“When the Ariane 5 fails, make sure it emails the devs.”- Nobody ever
I consider one of the biggest mistakes I made during the construction of an enterprise application framework to be the logging API. Effectively, we were asynchronously logging to the file system, to a database and to email. The API was quite sophisticated and handled redundant exception types, throttling and flooding and the like. Exceptions were (generally) queued, logged to the event log (if possible), written in a canonical form to the file system (if possible) while asynchronously being written to a database (if possible) and then picked up by a messaging service which sent the exceptions to an email distribution list (if possible).
All of the developers were members of the distribution list. We were sent hundreds of messages daily from multiple environments: Dev, QA, UAT, Prod, not to mention the disaster recovery site. Daytime and nighttime processes, start ups, shutdowns, pauses and restarts all pumped messages into the queue. Sometimes we left informational or warning messages in code because… why not? Occasionally, when the moon was right and stars aligned, a perfect storm would hit and every environment would spontaneously barf out an overly detailed diatribe like some spastic, drunk, friend-of-a-friend nobody really wanted to invite to the party but there he is, filling the air with hateful, ignorant nonsense.
Our mailboxes would hit their quota.
I now consider logging exceptions to email a cardinal sin.
But… The VISIBILITY!
The nice thing about receiving an exception through email is that the state of your processes are right there in front of you. You see it. If you’re paying attention, you know what’s going on.

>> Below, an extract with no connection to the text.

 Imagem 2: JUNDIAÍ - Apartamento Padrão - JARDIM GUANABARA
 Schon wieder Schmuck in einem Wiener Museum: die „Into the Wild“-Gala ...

But are you really paying attention? You just received 300 email messages in the last ten minutes. Are they all important? Can you successfully dig through the worthless warnings for the real disasters?
No. You can’t.
With such a flood of text constantly filling your inbox, you’re eventually going to miss something critical. Even the best filters, organization and dedication will ultimately fail.
So… what then?
Build the Appropriate Workflow
The architecture we built to email exceptions in a robust fashion took about a week. Maybe two. Maybe three with developer testing, QA, etc. It certainly wasn’t an extraordinary effort. But the effort was misplaced.

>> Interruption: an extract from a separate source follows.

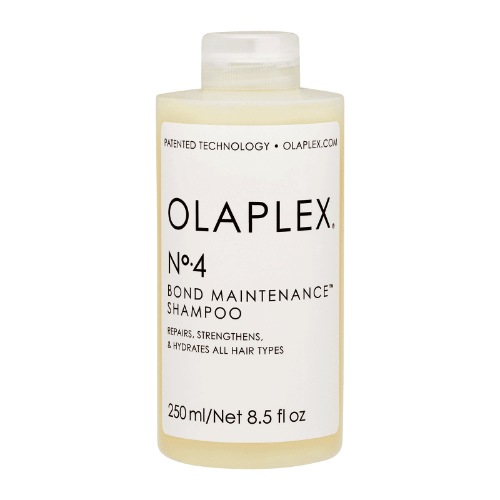 Olaplex- Nº.4 BOND MAINTENANCE SHAMPOO 250 ml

We should have spent those one or two or three weeks on building the right tool, an exception workflow.
It looks something like this:
- An exception is raised
- It’s logged to the event log, database, etc.
- An exception workflow process scans incoming exceptions
- Rules determine notification strategy
If you have services, you should have monitors sitting around watching those services (which is a no brainer). Establish a well-defined business rules about who should receive which type of urgent message and when: Not every single email needs to be sent during off-hours to a 24×7 support channel. Similarly, not every single monitoring app needs to send a text message to every developer at night.

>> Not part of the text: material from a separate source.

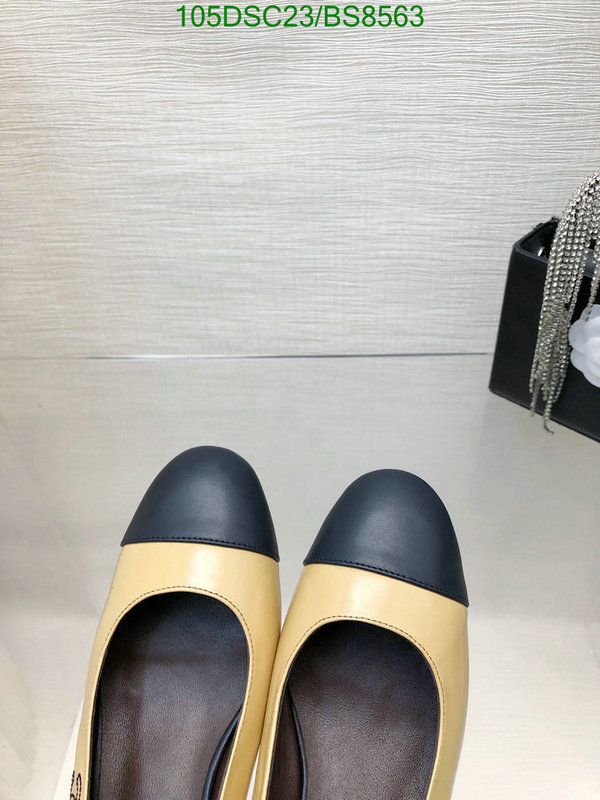 Women Shoes-Chanel Code: BS8563 $: 105USD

The worst thing you could do is blindly dump every email you get to every developer on your team.
You’re creating unnecessary noise.
Noise isn’t actionable.
How do you address rapid changes in environment, business and code? One aspect of your notification strategy should be some sort of rules-based system. How you implement your rules-based processing is up to you, and I’m going to spend some cycles talking about it later, but the point is that you should be able to plug in new notification handlers at any time.
Similarly, you should be able to disable notifications or redirect notifications quickly.
Without a release.
Change your exception workflow. Email is not an acceptable exception management system.